* Exercise *
Every line of the listing below from the one with "A close up of" up to and including the one with "madre e hijas" should be retyped exactly, and nothing else; pictures are not part of the copy.

* Provided material *
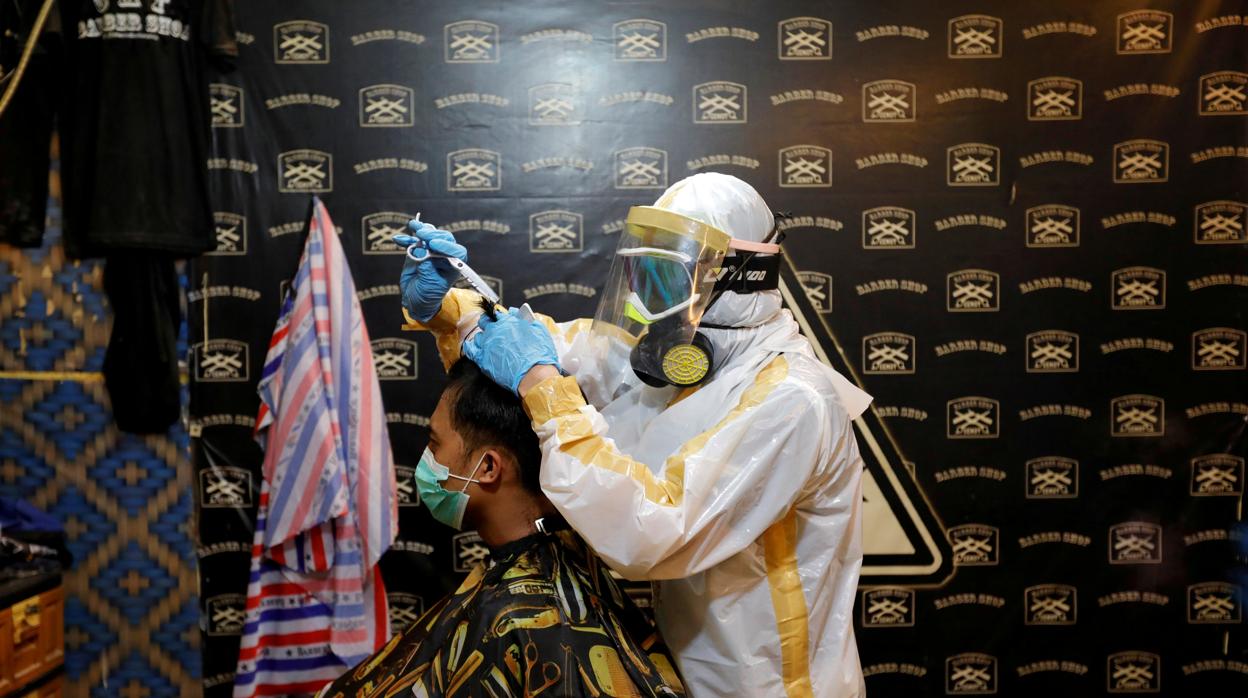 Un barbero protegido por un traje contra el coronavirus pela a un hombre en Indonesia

* * *

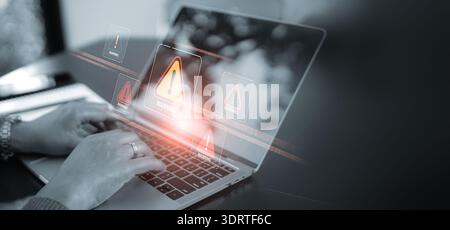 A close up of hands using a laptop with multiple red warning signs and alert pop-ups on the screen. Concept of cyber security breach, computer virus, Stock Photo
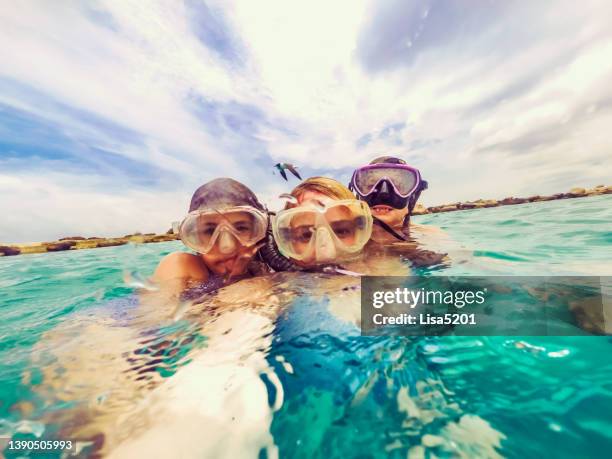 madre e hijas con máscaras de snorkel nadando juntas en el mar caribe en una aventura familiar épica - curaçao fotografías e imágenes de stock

---

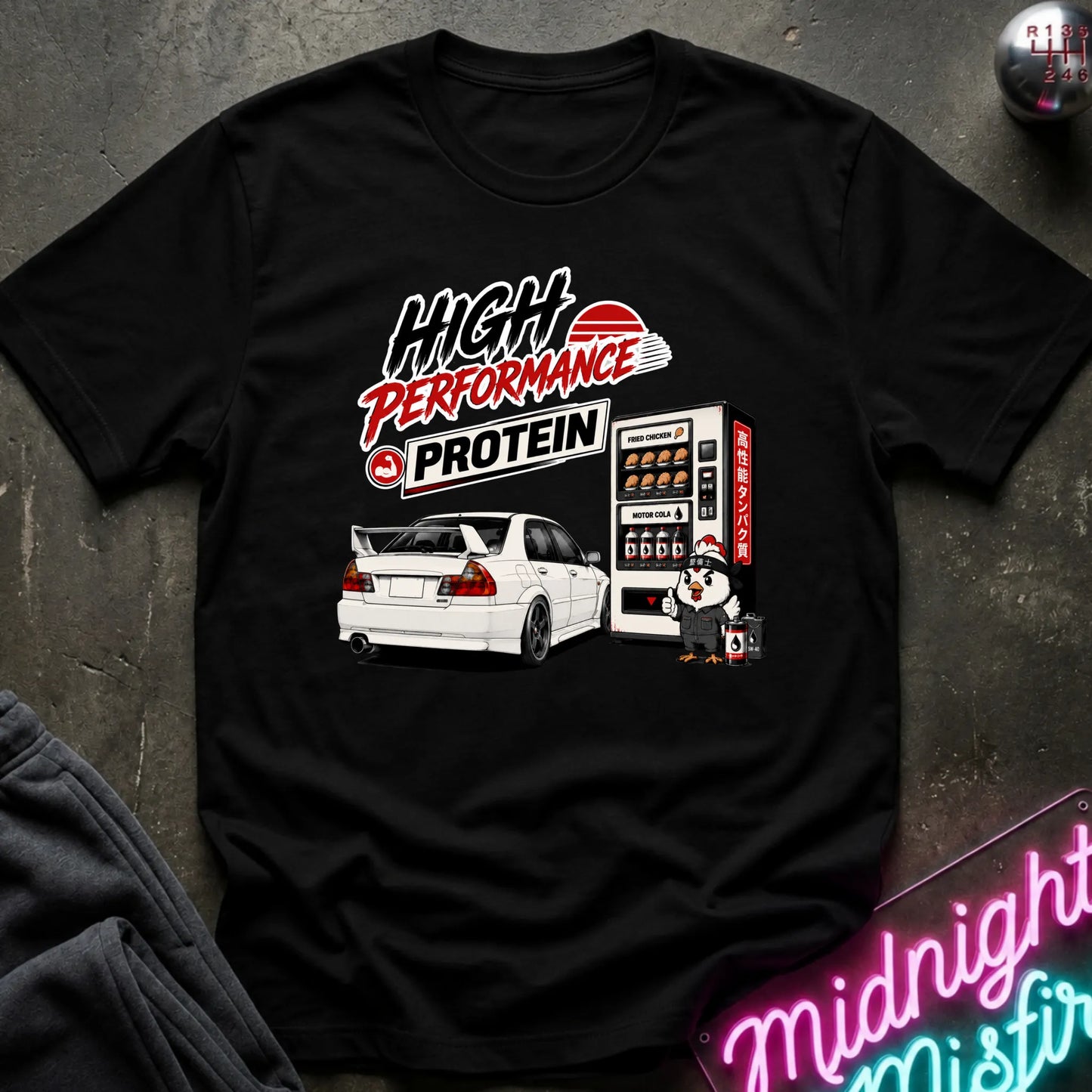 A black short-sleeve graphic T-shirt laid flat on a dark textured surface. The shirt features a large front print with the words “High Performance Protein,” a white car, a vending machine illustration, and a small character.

* Response to the exercise *
 A close up of hands using a laptop with multiple red warning signs and alert pop-ups on the screen. Concept of cyber security breach, computer virus, Stock Photo
 madre e hijas con máscaras de snorkel nadando juntas en el mar caribe en una aventura familiar épica - curaçao fotografías e imágenes de stock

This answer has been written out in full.